So, did I tell you?
My sister and I have decided to go on a soup diet. As in, for lunches and dinners since this last week, we have had only soups, different types of healthy, hearty, homemade soups. Breakfast is of course as normal and so are our (mostly unhealthy) snacks, but at least something’s changed for the better.
So most of the soups I make are quick and easy. I am no kitchen queen. So I do like to keep things simple. Except when I go oriental of course. For then, I spend a good few minutes ensuring my vegetables are cut just right before I get down to the actual cooking. After all, the size of the julienne definitely affects the overall taste when you’re cooking oriental or Chinese.
So here’s my sweet and sour soup recipe, or rather Soup 1 from Day 1 of our 10 Day, 20 Soups Challenge!
Hot & Sour Soup Ingredients:
(To serve 4)
A quarter of a large cabbage – very finely sliced
A large carrot – finely sliced and julienned
10-12 button mushrooms – finely sliced
5-6 large French beans – finely chopped
½ Capsicum – finely sliced after removing the seeds
1 small onion – finely sliced
4-5 tbsp dark soy sauce (I prefer my soup with more soy sauce, you can decrease the quantity if your prefer lighter soups)
2-3 tbsp vinegar
1 tbsp chilli sauce or chilli paste (I like my hot and sour quite spicy)

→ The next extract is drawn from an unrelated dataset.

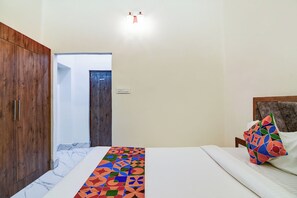 Egyptian cotton sheets, premium bedding, in-room safe, free WiFi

2-3 tsp ginger garlic paste
2-3 tbsp corn flour or any other thickening agent of your choice
2 to 3 tsp cooking oil of your choice
Salt & pepper to taste
Hot & Sour Soup Instructions:
Heat a wok and add the oil. Keeping the flame at medium-low, add the ginger garlic paste. Sauté for a second and then increase the flame to medium-high. Add all vegetables except mushrooms and toss the wok without lowering the flame. Add 4 to 5 cups of boiling hot water to the tossed vegetables. Don’t worry about the soup being watery as a thickening agent will be added later.
Lower the flame to medium-low and add the soy sauce, vinegar and chilli sauce or paste. Mix well.
In a separate bowl, add a little cold water to the corn starch and stir the mixture to form a smooth paste with no lumps. Add this mixture to the boiling soup and stir continuously. You can increase or decrease your cornflour batter depending on whether you prefer your soups to be lighter or thicker. Once the soup adjusts itself to your desired soupy thickness, turn off the flame. Add salt and pepper to taste. Remember that soy sauce is salty on its own so resist the temptation to add too much. The reason we add the salt at the very end is also that, as the soup thickens, the salt concentrates. Adding it at the very end ensures that you are not adding too much.